NVIDIA / enroot

A simple yet powerful tool to turn traditional container/OS images into unprivileged sandboxes.
Apache License 2.0
649 stars 94 forks source link

Enroot with NVIDIA MPS? #206

Closed scottcs2 closed 2 months ago

scottcs2 commented 3 months ago

Hi,

I am trying to get Enroot to play nicely with NVIDIA MPS. However, I encounter the following problem when running NVIDIA nemo containers using enroot while MPS control daemon is running.

Steps:

nvidia-cuda-mps-control -d
export NVIDIA_DRIVER_CAPABILITIES=all
enroot start --root -w --env NVIDIA_DRIVER_CAPABILITIES nemo2

Causes this error to be printed:

ERROR: The NVIDIA Driver is present, but CUDA failed to initialize.  GPU functionality will not be available.
   [[ Mapping of buffer object failed (error 205) ]]

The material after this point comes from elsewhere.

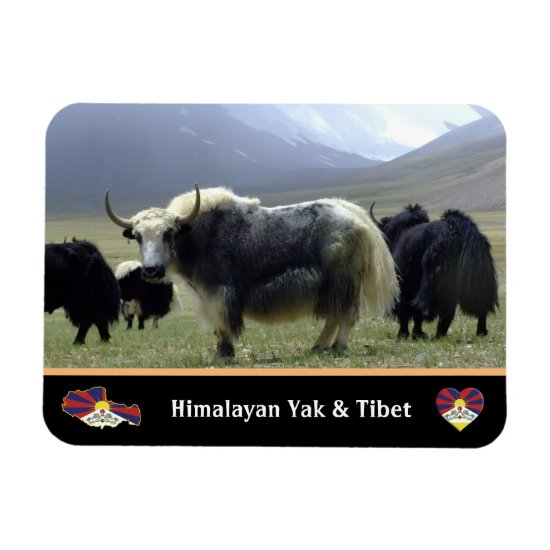 Yaks, Nomads of Himalayas - Tibet /Ladakh Magnet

If I kill the MPS daemon, then the container works. How do I use MPS and an enroot container simultaneously?

Thanks, Scott

3XX0 commented 3 months ago

Did you try with a simple CUDA container? What's your driver version and GPUs inside the container?

You might want to move this issue to https://github.com/NVIDIA/libnvidia-container since it's specific to GPU support.

scottcs2 commented 2 months ago

The issue is if I specify --root as an enroot argument, then it breaks with NVIDIA MPS. Without --root, the container is able to access the GPUs even with MPS enabled. I will just ensure my users do not specify --root when they launch the enroot containers.